Staying injury free prior to the race was not an issue, but staying healthy was. I got sick the week before the race with horrible respiratory crap, and with my asthma it was a nightmare situation. I tried everything I could to stay positive for the race and not let the illness affect me. I took drugs from the Dr., got a ton of sleep, took time off work and tried about every home remedy possible. I knew my breathing on race day wouldn’t be perfect, but I did know it would be manageable (after all, I have had asthma my entire life, so I know what it is like to race with it).
We left for Dallas on Friday afternoon, and arrived early evening. Everything about the trip was going well, and we were able to go out and have an awesome dinner in a fun area! Friday night I went to sleep early and slept like a rock, waking up on Saturday feeling happy and refreshed!
Saturday morning, Ramsey and I met his friends Brian and Allison and headed to the expo. I was SO excited to meet Allison in real life, since we had been instagram and twitter friends for quite awhile. Allison and Brian were running their first half Marathon (A) and first full marathon (B), so they were the perfect people to hang with all day! We went to the expo, and then to lunch at an adorable little restaurant. After lunch, Ramsey and I headed back to the hotel for a little relaxation.

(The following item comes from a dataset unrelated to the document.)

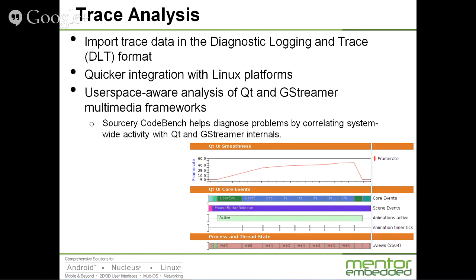Another thing that we're doing is offering much quicker integration with Linux platforms. If you just use stock LTTNG 2.0 or later — later is better — then all you need to do to get started with tracing and trace analysis is just point CodeBench at your target, at the IP address, and off you go. We don't need anything more than that on the target.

Following doctors orders, I brought my nebulizer to the marathon with me. I was so mad that I had to bring that damn thing, but I was going to do whatever it took to not let my breathing get in the way of a PR worthy marathon! I took the nebulizer before dinner, and immediately felt better (breathing wise). Once we were back from dinner, I took it again and attempted to settle in for bed.

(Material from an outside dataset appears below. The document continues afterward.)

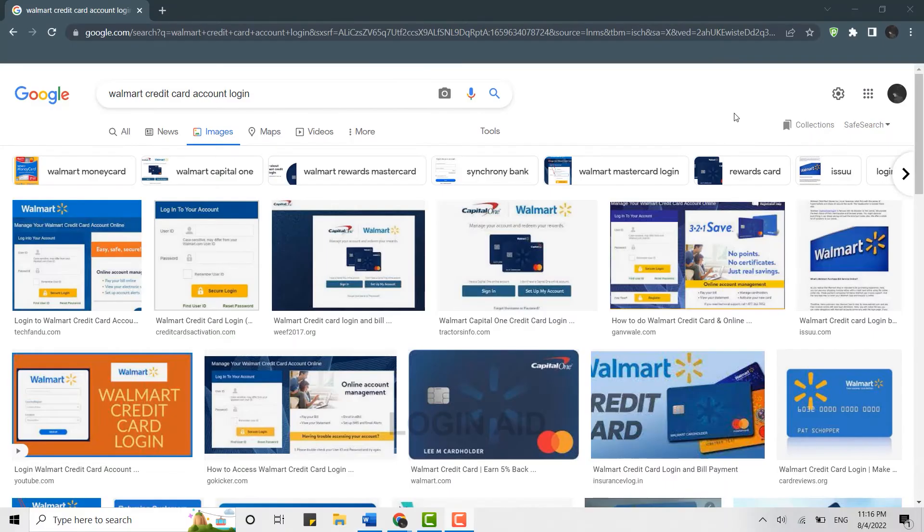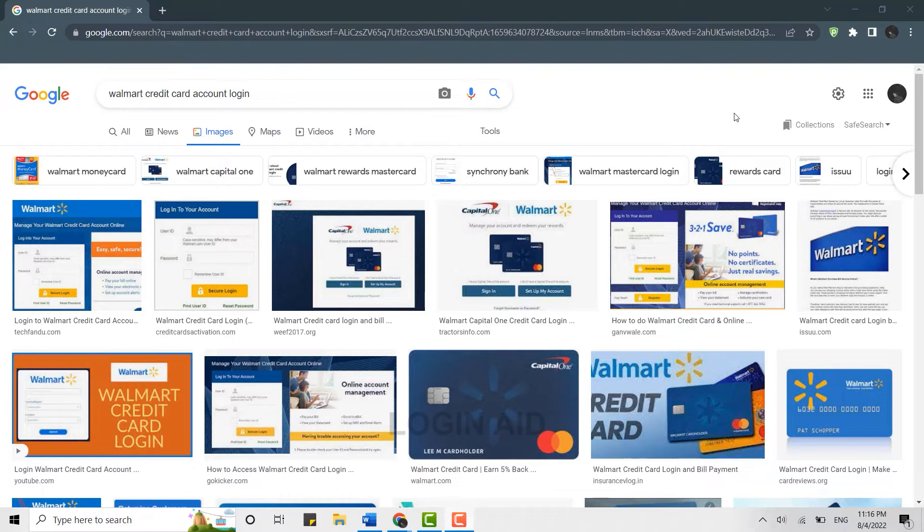Hello everyone, welcome back to the Logging In channel. Today I will be showing you how you can log in to the Walmart credit card account. To begin the process, first open a browser on your PC.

Boy, was that one awful nights sleep. I was a nervous wreck. I was so wound up to the point that I was having a full out anxiety attack and thought I was going to pass out (hard to do while laying down, but I got really close). I remember laying there thinking that all I wanted to do was go to my parents hotel room and have my Mom hug me and tell me it was going to be OK (Moms are so good at that, especially my Mom).

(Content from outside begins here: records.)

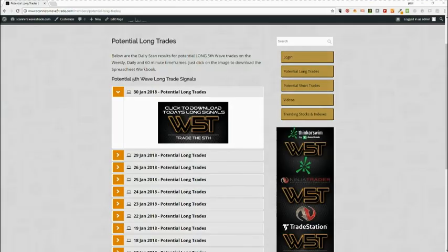Hi, this is Paul from wave5trade.com and this is a trade setup for the 30th of January 2018. I'm going for a potential long after the red day yesterday — there are lots of potential fifth wave longs on a 60-minute time frame.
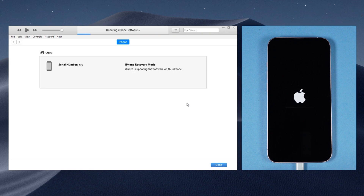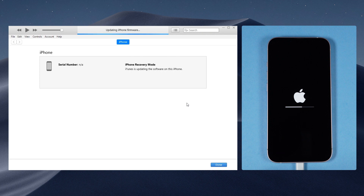Your iPhone is updating now. Your iPhone will restart a few times during the updating process and that's normal — don't panic. Click OK.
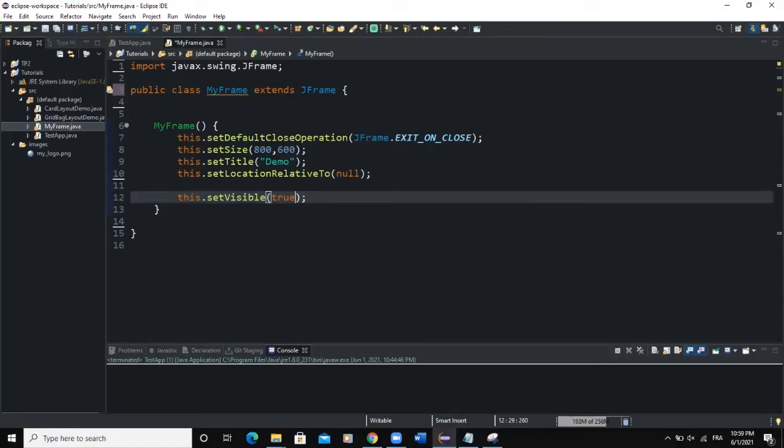Hello guys, welcome back to this channel and thanks for viewing this video. Today we are going to talk about the JLayeredPane, which is a Java class that can allow us to create layered pane.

During this panic attack, I was thinking about the past 21 weeks of training, and how badly I wanted to have a good race. Then I couldn’t help but let my breathing issues and the heat (it was supposed to be low 60′s to 70′s) come into my mind. The fact was, I was so scared that I was going to have an ashtma attack while running and die (seriously). I couldn’t stop envisioning myself falling down on the course and ending up in a med tent. It was AWFUL! I pride myself on not being a “mental runner”, but that night, I was going mental. I don’t know what came over me that made me such a mess, but whatever it was needed to go away.
After a while of this I began playing the “how much sleep could I possibly get game”. You know that game…the one where you stare at the clock and start subtracting the hours. Yeah, I was playing it for a few hours. I think about the 4 hour mark I finally fell asleep.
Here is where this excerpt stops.